Last year, a team involving researchers from UCL, the Anna Freud Centre and King’s College London launched a major new project to explore why some young people with neuroatypicalities, including Attention Deficit/Hyperactivity Disorder and autism, develop depression, and what types of support might help. As part of this project, young people with ADHD and/or autistic traits are co-developing a self-report measure of emotional regulation. Traditional questionnaires aren’t ideal, partly because they often include language that is too abstract for neurodivergent young people to understand, comments Georgia Pavlopoulou, who is working on the project. Their direct involvement is key to the creation of a questionnaire that really works for them. 

Pavlopoulou talks about the importance of ‘authentic’ co-production: ‘We need to involve people through the lifecourse of the research project, and not just as a ticking exercise’. Recently, she also worked in partnership with autistic young people to understand what helps them to sleep. This project found that, for these individuals, standard sleep hygiene recommendations weren’t ideal. Factors that made a real difference to them included spending time in ‘predictable and fun’ ways with family members before bedtime, for example. This project went full circle, Pavlopoulou explains – from first listening to autistic young people’s real-life experiences to collaborating with autistic young people in a school to understand their responses to the research, and then working with them to create resources to share the research as widely as possible among the people who would benefit from them. ‘Co-production in knowledge exchange is a great way to increase the impact of research findings,’ she adds.

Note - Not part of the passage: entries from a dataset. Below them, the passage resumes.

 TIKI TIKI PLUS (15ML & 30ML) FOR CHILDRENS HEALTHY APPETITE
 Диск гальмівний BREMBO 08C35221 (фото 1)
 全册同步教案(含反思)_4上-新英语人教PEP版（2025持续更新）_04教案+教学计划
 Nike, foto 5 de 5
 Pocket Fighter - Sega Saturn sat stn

Some co-produced studies have focused on disorders that can be especially hard to treat, such as bipolar affective disorder, while others are now exploring broader issues, such as alcohol use among older people. In this latter case, Newcastle University-based academic Beth Bareham trained up a group from the Glasgow-based Drink Wise Age Well programme to work as peer researchers, to collaboratively develop better services. She has since worked with some of the same group to investigate alcohol use among older people during the Covid-19 pandemic. They helped not only to recruit participants but to analyse interview transcripts. ‘They particularly helped to tease out how the pandemic was affecting mental health and drinking,’ says Bareham. ‘They’re able to see things that I don’t because of their personal experiences.’ With further training, some are now acting as co-facilitators in interviews for new work on older people with both alcohol and mental health problems. ‘They have great insight into the topic, and can really relate to our participants and explore issues in depth with them’” Bareham says.

Obstacles

Despite all the advantages, there are challenges, though, to running co-productions. And they help to explain why more research isn’t done in this way.

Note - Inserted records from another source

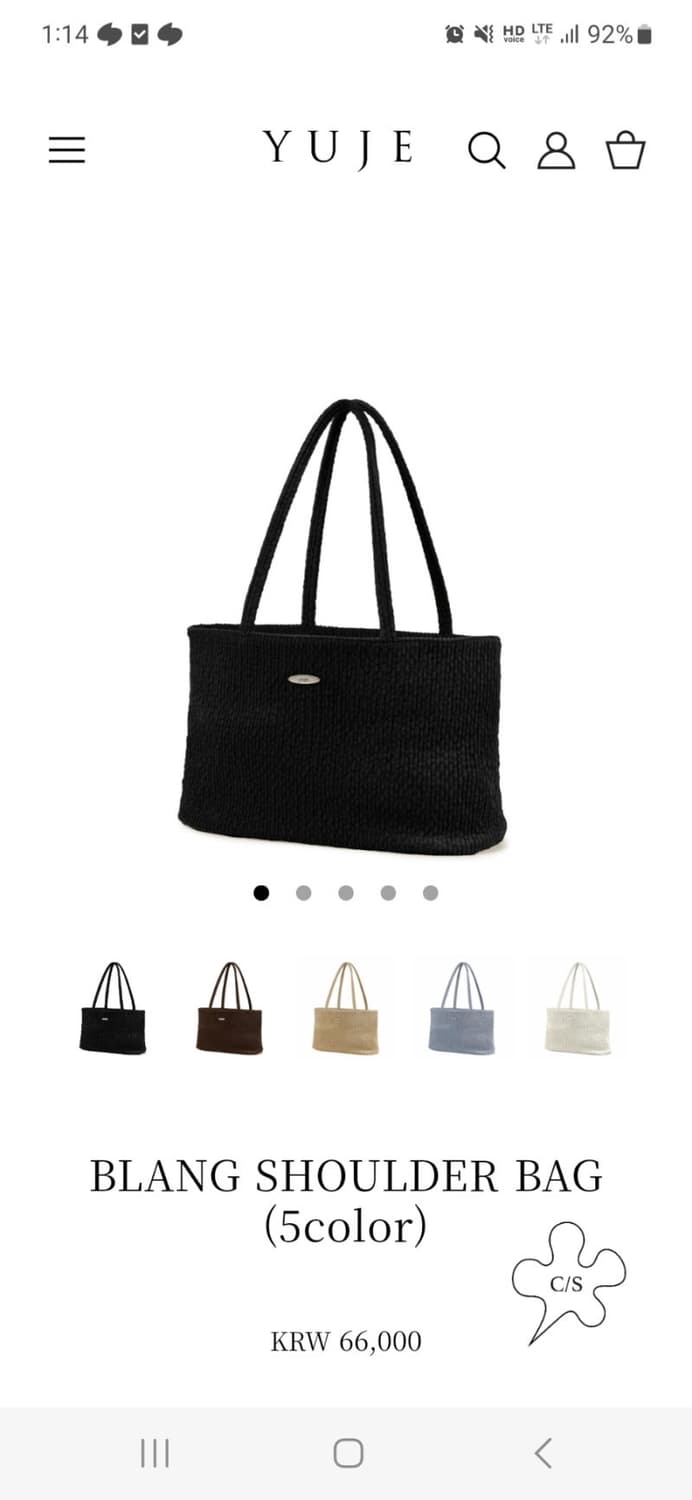 (새상품) 유제 yuje 블랑 숄더 백 BLANG SHOULDER BAG 상품이미지2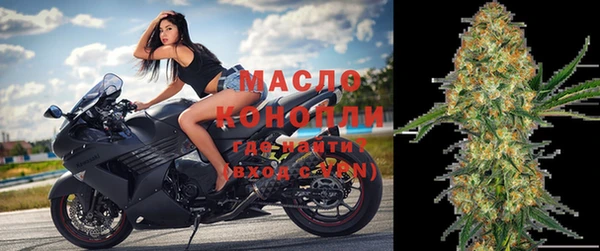 метамфетамин Дмитриев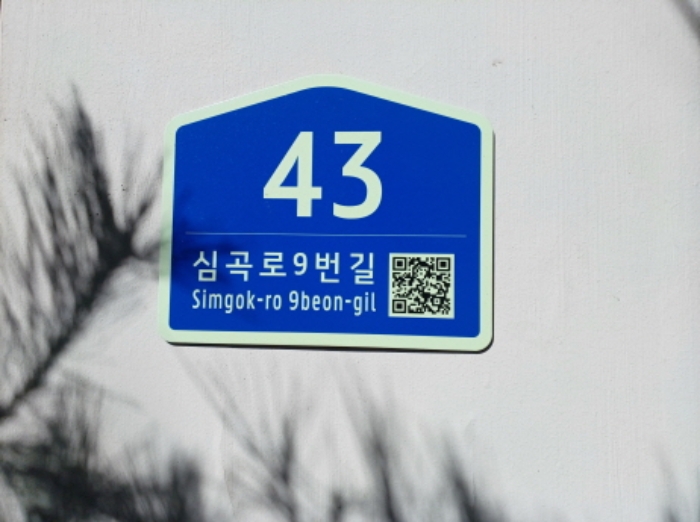 경기 부천시 소사구 심곡본동 666-5, 8층 802호 (심곡본동,알찬집) 도시형생활주택 경매 사진 2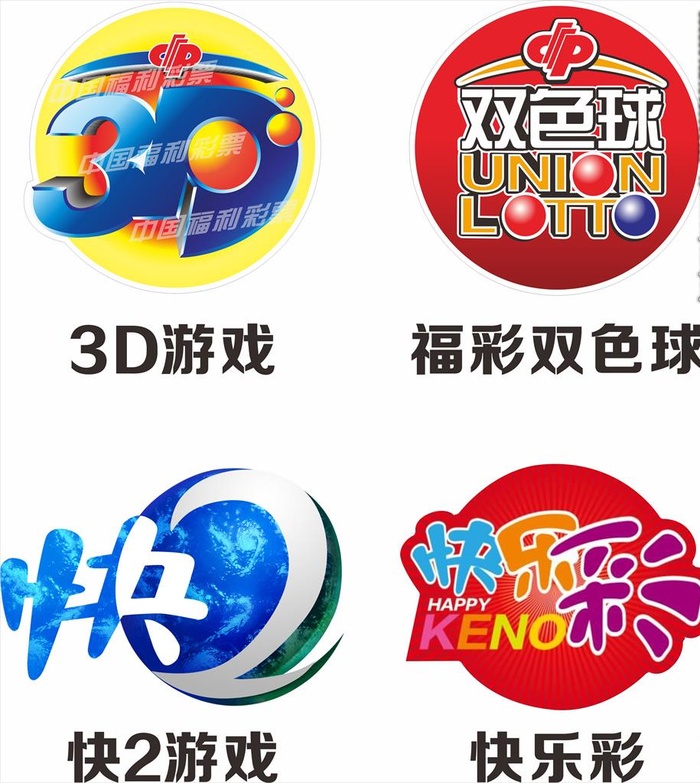 福利彩票彩种logo图片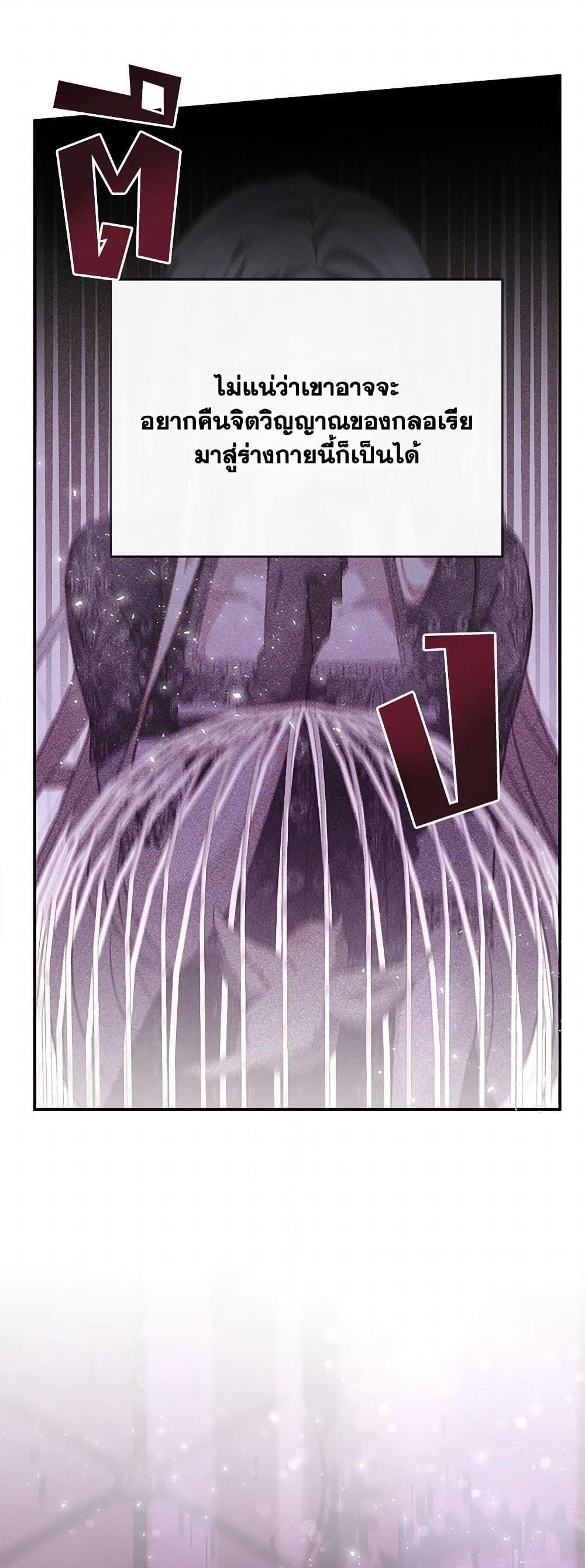 Manga-lc-com อ่านมังงะ อ่านการ์ตูน ออนไลน์ ฟรี Requiem for the Queen ตอนที่ 1 2 3 4 5 6 7 8 9 10 11 12 13 14 ฟรี ไม่มีโฆษณา Manga-lc - อ่าน มังงะ อ่าน การ์ตูน ออนไลน์ อ่านมังงะ ฟรี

One obstacle is that they take longer than traditional studies. Given the current research climate, this can be a real barrier, says Gowen. She calls for change: ‘It’s important for funding bodies and research institutions, such as universities, to more explicitly value co-production and factor in the extra time and money it takes. If pressure is placed on academics to publish a high number of articles, this disincentivises co-production due to the time commitment required and at the same time drives down research quality.’

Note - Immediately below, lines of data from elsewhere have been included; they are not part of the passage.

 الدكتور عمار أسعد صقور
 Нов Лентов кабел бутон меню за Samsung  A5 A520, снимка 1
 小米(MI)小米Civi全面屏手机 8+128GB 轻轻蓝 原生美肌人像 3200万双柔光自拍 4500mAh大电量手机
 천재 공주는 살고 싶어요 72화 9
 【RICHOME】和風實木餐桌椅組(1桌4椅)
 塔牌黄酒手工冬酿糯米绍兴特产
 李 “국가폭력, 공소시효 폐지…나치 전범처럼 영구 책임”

But even if patients aren’t fully involved in all stages of the design and implementation of a study, there can still be advantages to less intense collaboration. It can help to build trust and relationships, which might be needed especially among groups who felt they have long been experimented ‘on’ rather than with. And that, say Gowen and Poliakoff, can be an important first step towards fully co-produced work in the future.